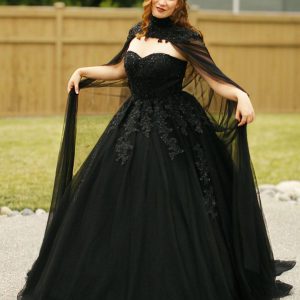 Gothic Black Wedding Dresses A-Line Backless Lace-Up With Train Bridal Dress - Image 4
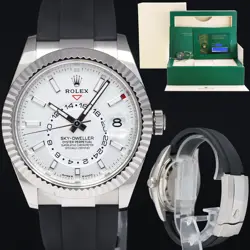 2023 NEW PAPERS ROLEX WHITE SKY-DWELLER WHITE GOLD OYSTERFLEX 336239 WATCH BOX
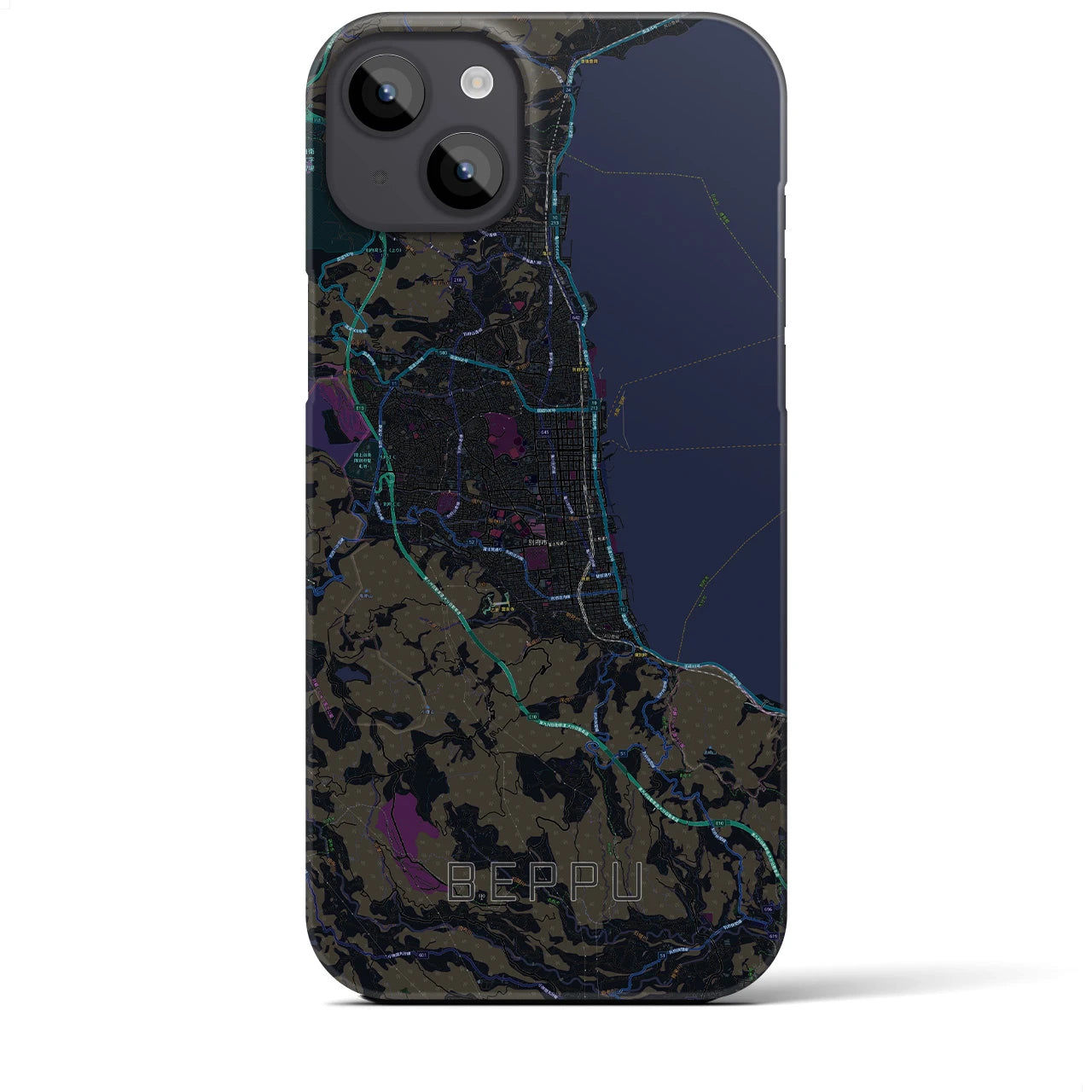 【別府(大分県)】地図柄iPhoneケース(バックカバータイプ)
__________________________________________________
WHAT YOU WILL DO:
Nothing but the pictures should be left out when the listing is repeated exactly.

ANSWER SECTION:
 Gothic Black Wedding Dresses A-Line Backless Lace-Up With Train Bridal Dress - Image 4
 2023 NEW PAPERS ROLEX WHITE SKY-DWELLER WHITE GOLD OYSTERFLEX 336239 WATCH BOX
 【別府(大分県)】地図柄iPhoneケース(バックカバータイプ)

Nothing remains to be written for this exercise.